From my desk at home, US – Sep 30

There is indeed such a thing called ‘People- Market’ fit. Either it has not already been spoken enough in start-ups (mostly because they have more urgent issues to solve) or has been felt but not sounded out loud enough.

The situation in start-ups is usually the cliched ‘everyone wears six hats here’ which is proudly declared as the only way to go. In many cases, the convenient excuse of course is ‘we will need to live with this till funding happens’ but then when the funding does happen, there are so many other higher priority budget items that the finer hiring invariably stays.

The ‘people market fit’ issue is usually more of sales and marketing function attribute and not so much of an engineering issue. In case of sales and marketing, there is a far more stringent client profile – salesperson profile fitment that while not necessarily etched in stone, can many times be the difference between successful sale or lost opportunity.

For example, if you have a low ASP (average selling price) beauty salon equipment (lets say, in the low $30s) typically to be sold over the counter or in one walk-in visit by the sales person, you would need savvy, non-technical, street-smart type salesperson to quickly make the sales on hi-street.

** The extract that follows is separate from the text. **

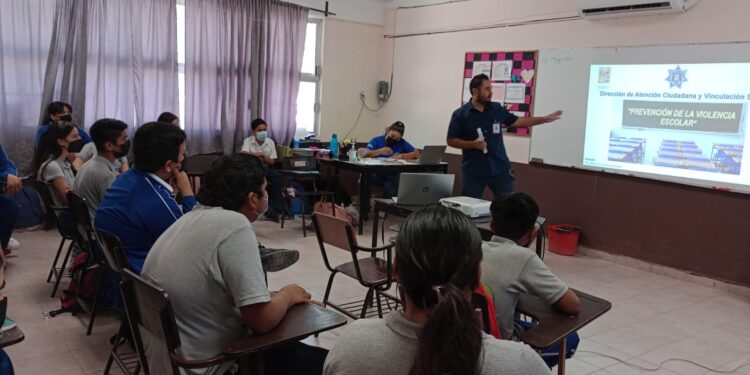 Seguridad Pública realiza actividades en la zona rural para evitar el acoso escolar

Unlikely you will have success with someone who is used to 10-month sales cycles in selling large infrastructure type solution in enterprises (worth several thousand dollars).

‘People-market’ fit comes up in all product markets, especially in brand new categories of products – what are called ‘category-makers’. High energy, young team members in such start-ups are highly agile, fast learners and carry no baggage – such are quick to learn and unlearn and learn again. There are really no problems of ‘people market fit’ in such situations.

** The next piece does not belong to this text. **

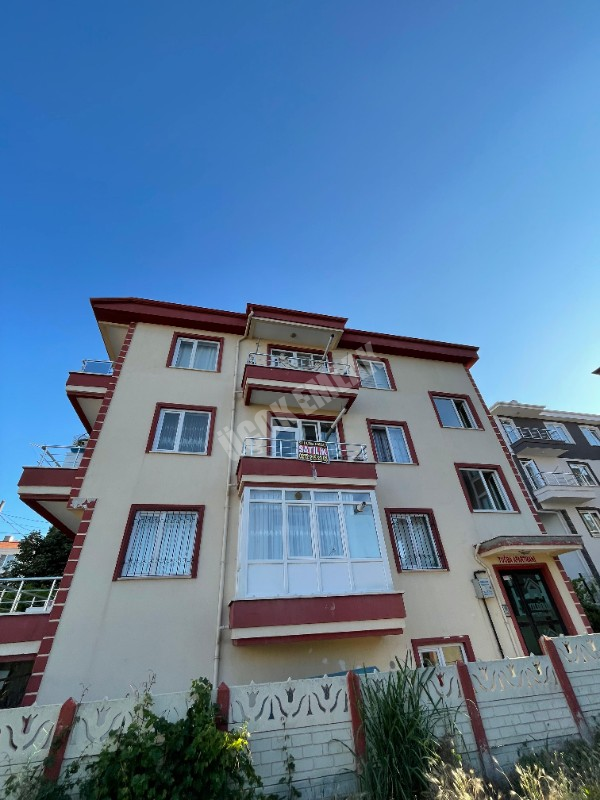 AFYON ÜÇOK EMLAKTAN ! FATİH TE FIRSAT 3+1 ARAKAT KUPON DAİRE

‘People-market’ fit issues show up mostly, in start-ups that have crossed critical market validation and now looking to scale. Especially in new product segments, where an existing business model is being disrupted, or current players are being crushed by a new technology, and the emerging leader needs to scale, it faces ‘people-market fit’ type issues.

As a new product category creator, you are an order of magnitude different from current legacy solution providers. To scale the sales team, you need to now bring experienced sales folks (let’s say, targeting enterprises), but you do not want to hire from legacy competition (as it is technically, business-model-wise, and perhaps even culturally a misfit to the new organization you are building).

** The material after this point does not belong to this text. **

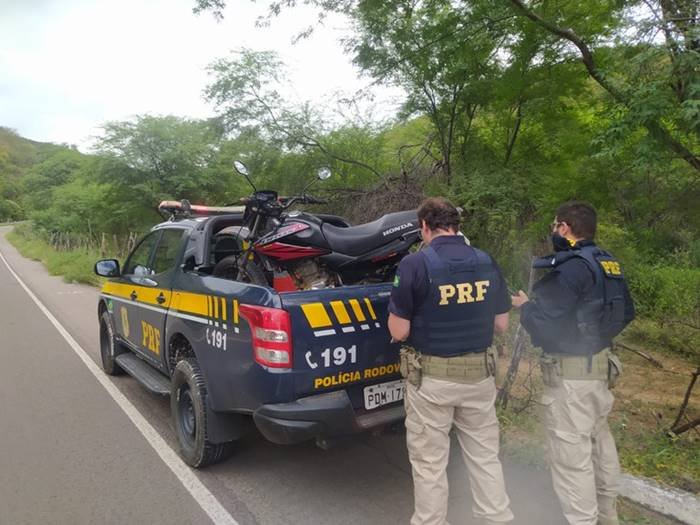 moto-furtada-e-recuperada-pela-prf-em-serra-talhada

This is classic ‘people-market fit’ issue because, you have now started seeing scale in demand, thanks to early product market validation, but the next 24 months is critical to establish coverage. Market awareness can come from marketing efforts but you really need ‘feet-on-street’ to close sales. How can this be achieved without an appropriate sales organization? And if there is no comparable product, you will not have suitable people readily deployable for field sales.

The solution is to bring in ‘near-fit’ sales folks, train them on the fly and ensure they are successful and stay with the organization. This can be very exhaustive phase of growth but there are simply no alternatives.